Writing portfolios can be the source much of indecision and angst. The angst is usually due to quality. To cut through the indecision, organize your work and create some definite objectives for yourself.

Getting your materials organized

You need to tailor the organization of your materials to your fields of work. The simplest and by far most productive way to organize your portfolio is to categorize, either by subject, or by market:

  • Subjects: If you specialize in particular subjects, organize by topics within the subject. Create separate files with your materials grouped understandably by topics.
  • Markets: If you write across several markets, use the same system as subjects, but use subtopics as headings for files. It's a lot simpler. Usually, there are more materials in some areas than others, so make sure you can create enough subtopics to avoid wading through hundreds or thousands of files.
  • Important note: Make sure you maintain your portfolio regularly. Don't leave things lying around, because you can lose them completely. File everything the minute you complete it.

Creating your portfolio

You can now extract your portfolio materials with a good chance of finding what you need. This allows you to compare quality, reducing the number of choices, so decisions aren't as difficult.
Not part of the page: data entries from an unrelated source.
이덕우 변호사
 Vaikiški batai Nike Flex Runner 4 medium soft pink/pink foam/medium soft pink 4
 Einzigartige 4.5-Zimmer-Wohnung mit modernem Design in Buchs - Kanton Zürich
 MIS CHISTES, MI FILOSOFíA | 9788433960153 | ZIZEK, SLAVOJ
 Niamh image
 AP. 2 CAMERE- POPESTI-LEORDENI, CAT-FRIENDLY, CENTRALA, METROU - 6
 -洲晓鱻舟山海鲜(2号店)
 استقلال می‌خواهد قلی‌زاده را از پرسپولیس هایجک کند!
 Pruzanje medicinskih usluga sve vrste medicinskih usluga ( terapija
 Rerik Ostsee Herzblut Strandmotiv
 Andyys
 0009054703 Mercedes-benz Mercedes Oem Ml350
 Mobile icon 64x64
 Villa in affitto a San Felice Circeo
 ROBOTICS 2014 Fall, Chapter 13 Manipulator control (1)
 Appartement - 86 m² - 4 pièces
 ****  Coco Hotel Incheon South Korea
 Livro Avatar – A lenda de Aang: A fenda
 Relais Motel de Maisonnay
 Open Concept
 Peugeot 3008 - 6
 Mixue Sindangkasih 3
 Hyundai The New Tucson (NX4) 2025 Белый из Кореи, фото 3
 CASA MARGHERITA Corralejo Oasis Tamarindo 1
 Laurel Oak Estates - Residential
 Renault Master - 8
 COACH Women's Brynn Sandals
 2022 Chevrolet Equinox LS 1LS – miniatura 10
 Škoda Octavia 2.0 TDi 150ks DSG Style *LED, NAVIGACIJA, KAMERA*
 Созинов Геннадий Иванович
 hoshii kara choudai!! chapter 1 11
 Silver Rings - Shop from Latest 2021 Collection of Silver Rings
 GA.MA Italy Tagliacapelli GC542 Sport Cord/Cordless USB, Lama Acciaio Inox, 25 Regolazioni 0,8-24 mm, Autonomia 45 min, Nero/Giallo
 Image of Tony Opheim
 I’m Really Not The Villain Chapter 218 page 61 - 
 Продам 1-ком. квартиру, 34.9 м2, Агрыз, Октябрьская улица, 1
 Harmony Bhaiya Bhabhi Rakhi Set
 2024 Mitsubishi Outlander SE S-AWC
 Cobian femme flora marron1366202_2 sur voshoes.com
Now, select your best work and create one file for your portfolio. (Important: Make sure you create a backup copy.)

  • Quality: Good work, showing both writing skills and subject handling abilities.
  • Subjects: If you specialize in particular areas, your most successful work in those fields is also your most reliable marketing material.
  • Unique material: Experienced writers usually have a stock of interesting, good quality work.
  • Professional standards material: This is the core career portfolio work, demonstrating your published products.

Targeting your portfolio

Targeting a portfolio of writing materials requires thorough knowledge of  client or employer needs. Like  job applications, your portfolio must show direct relevance to the job. Modify the portfolio to match the client:

  • Research the job in detail: Check every task and every topic in detail.
  • Research editorial style and content: These fundamental factors define the real needs of the client better than any contract.
  • contact the client and make certain you understand the style format: Never guess about these issues, because you don't get second chances with any contract.